KUDOWA-ZDRÓJ (inf. wł.). O wielkim pechu może mówić dwóch młodzieńców, którzy nie tak dawno dopuścili się aktu wandalizmu w ogrodzie muzycznym. Ich poczynania wobec jednej z rzeźb zarejestrowała kamera monitoringu, dzięki czemu przestali być anonimowi. Zaproszeni do dobrowolnego pokrycia szkody, chyżo to uczynili i teraz już na pewno wiedzą, że monitoring w Kudowie-Zdroju to nie atrapa, jak uważają co niektóre osoby.

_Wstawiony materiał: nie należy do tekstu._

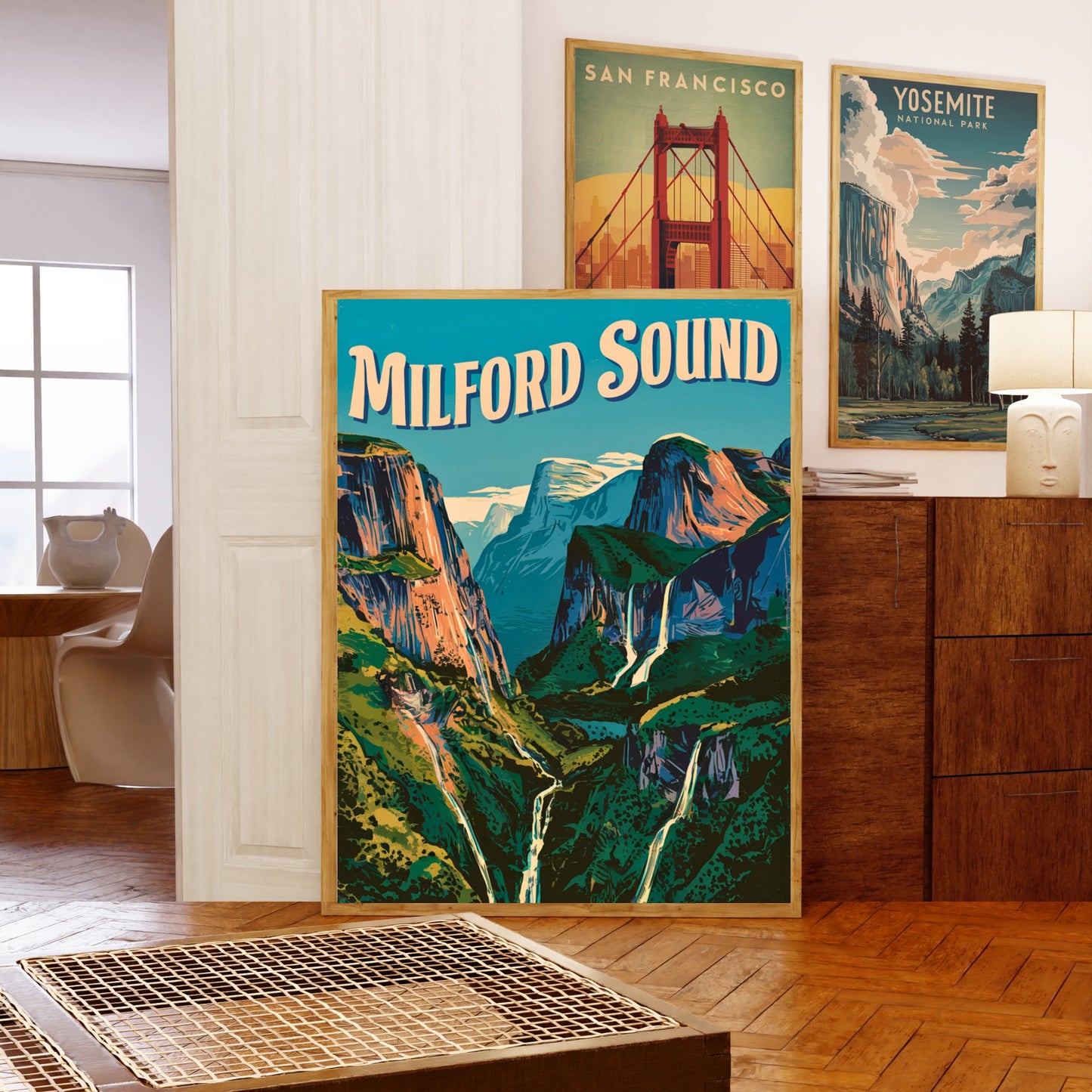 Milford Sound Vintage Travel Poster - Waterfall Wonders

A tak w ogóle to przypadki wandalizmu na obszarze przygranicznego kurortu do rzadkich nie należą. Jak powiedziała nam sekretarz miasta Justyna Klich - coraz częściej, właśnie dzięki podglądowi z kamer, sprawcy są rozpoznawani i odczuwają to w swoich portfelach. Jeśli już kogoś roznosi energia i chce ją wyzwolić, to zamiast niszczyć, z pożytkiem może np. pozbierać odpadki pozostawione przez osoby korzystające ze ścieżek spacerowych i tras rowerowych.